In contrast to Apple’s go-go quarters, Samsung Electronics is struggling in recent quarters.

Samsung reported a sharp fall in third quarter 2014 profits triggered by lacklustre smartphone sales.

Samsung Electronics’ third-quarter operating profit fell 60.1% to 4.1 trillion won ($3.90 billion). Worse, the company’s mobile division profits for the quarter crashed by 73.9% to 1.75 trillion won.

Apparently, many consumers are giving the cold shoulder to the company’s profitable high-end Android-based smartphones like the Samsung Galaxy S5.

It was the second consecutive quarterly decline in smartphone profits for Samsung.

In the third quarter, Samsung sold 120 million mobile phones but the portion of smartphones fell below 80%.

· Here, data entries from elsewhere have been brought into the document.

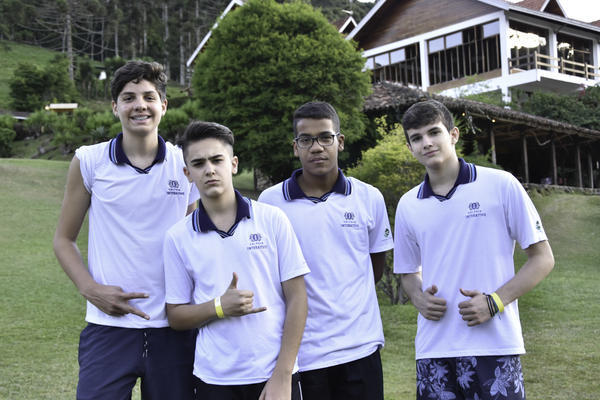 Buy your photos of the eventNR Fun 18 a 22/10/17 on Fotop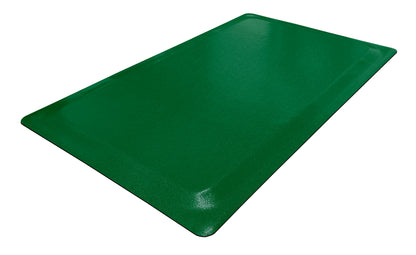 Alfombrilla antifatiga Rhino Hide®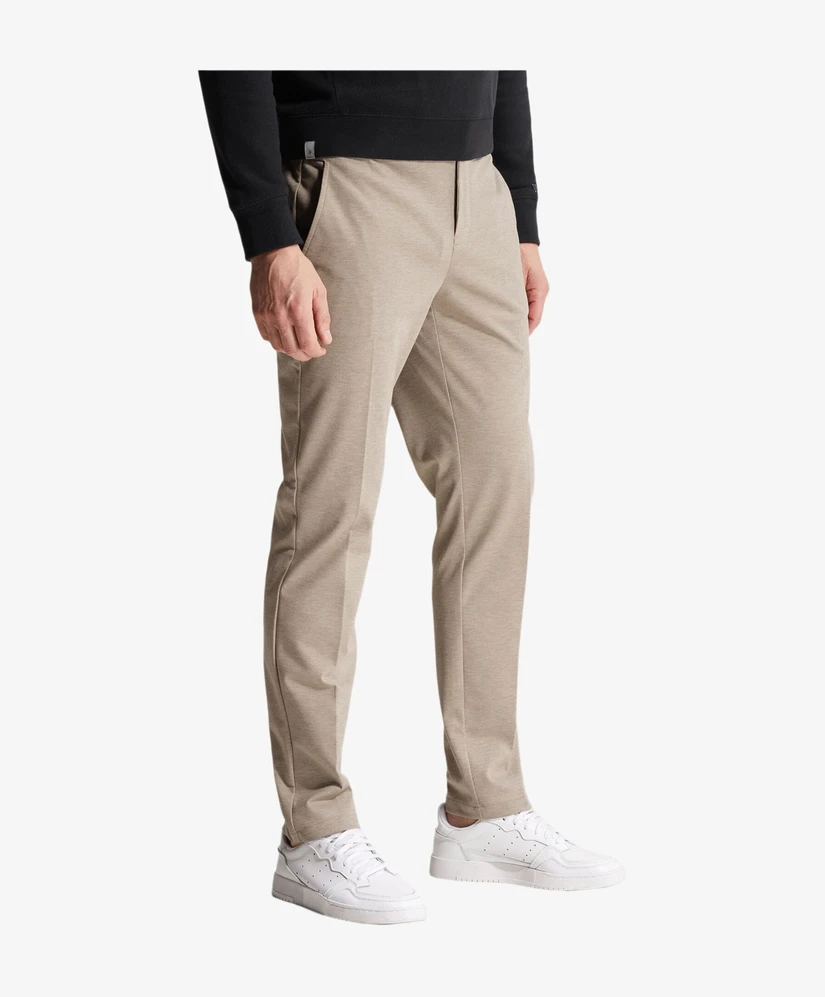 Cast Iron Pantalon Cylas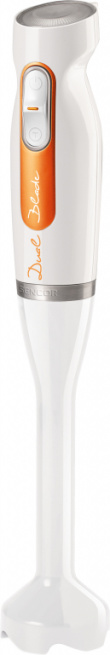 Saumikser Sencor SHB4260WHEUE3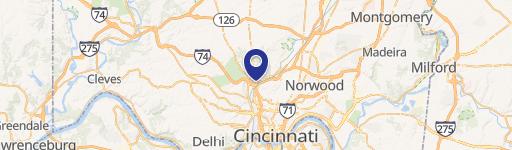 3818 William P Dooley Byp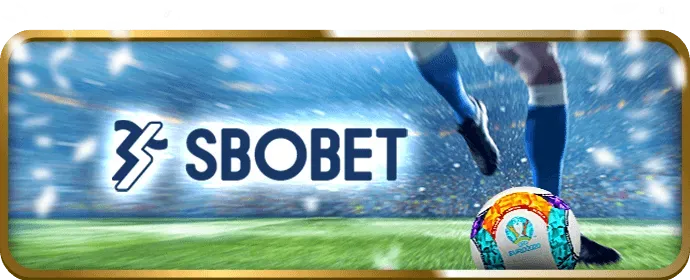 Hình ảnh minh họa chiến lược chơi Slot Game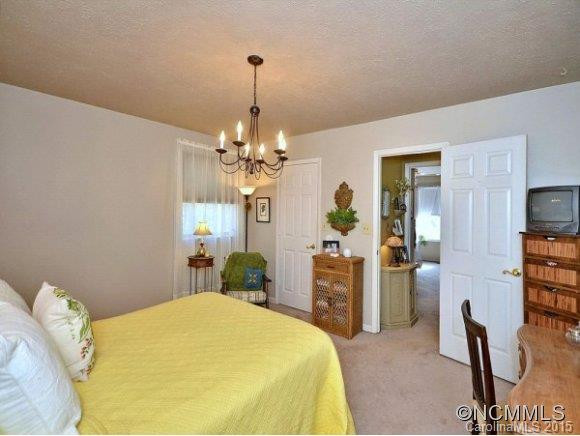 149 WENDY LANE - Photo 16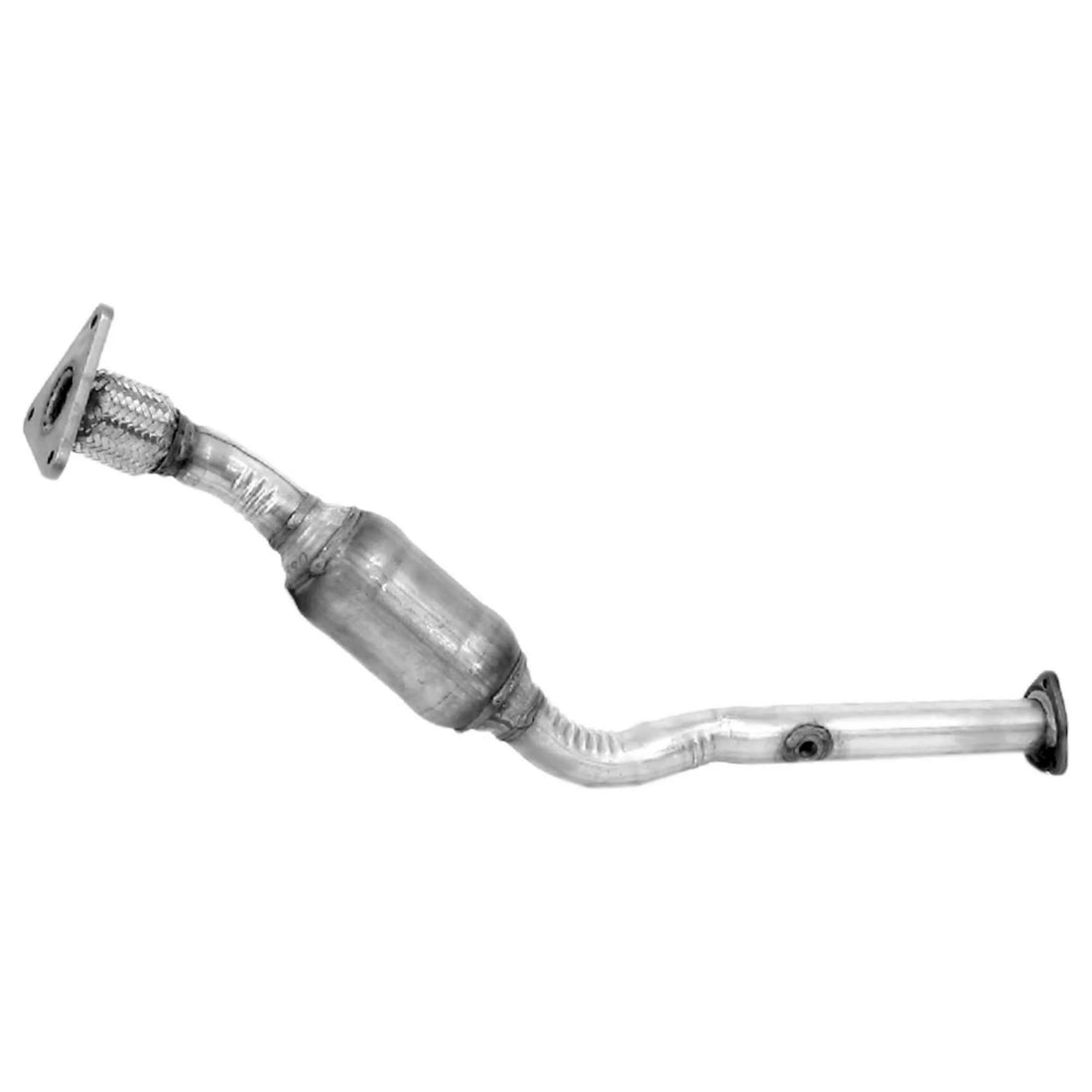 Walker Exhaust 53508 2003-2004 Saturn Ion Catalytic Converter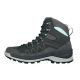 Lowa Toro Pro GTX Mid Ws dameswandelschoen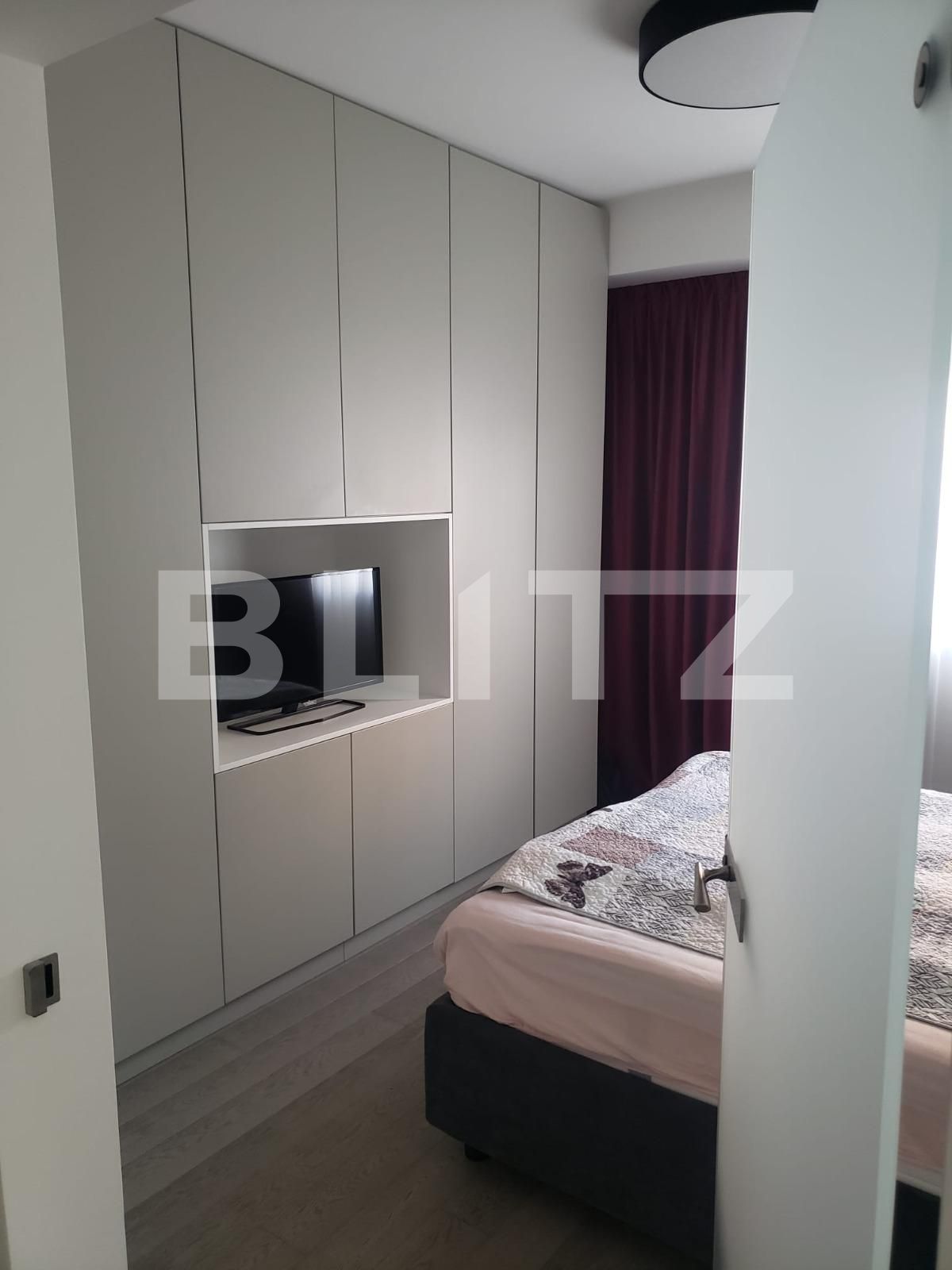 Apartament de vânzare 3 camere Sopor - 70557AV | BLITZ Cluj-Napoca | Poza3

Samsung is struggling against Apple at the high-end and battling nimble vendors like Lenova and Xiaomi in the mid to low-end segments.

Samsung is rightly pessimistic over prospects for smartphones in the October-December 2014 quarter. Apple’s new large-screen iPhone 6 and iPhone 6 Plus are off to a rocking start and should make the going extremely difficult for the rest of the handset industry.

Walkley put both Motorola Mobility and Microsoft in negative territory on their handset business in the third quarter.

Microsoft has sunk billions into its smartphone and tablet businesses but seen only a sea of red ink in return.

Apple has lost the numbers game battle to Android but its profits of $8.5 billion in the July-September quarter show how far ahead it’s in the profits war. iPhones accounted for 56% of Apple’s September quarter revenue of $42.12 billion.

Should open source software based smartphones like Firefox OS and the upcoming Ubuntu phones gain momentum, the damage to the likes of Samsung, LG and Microsoft will perhaps be irremediable.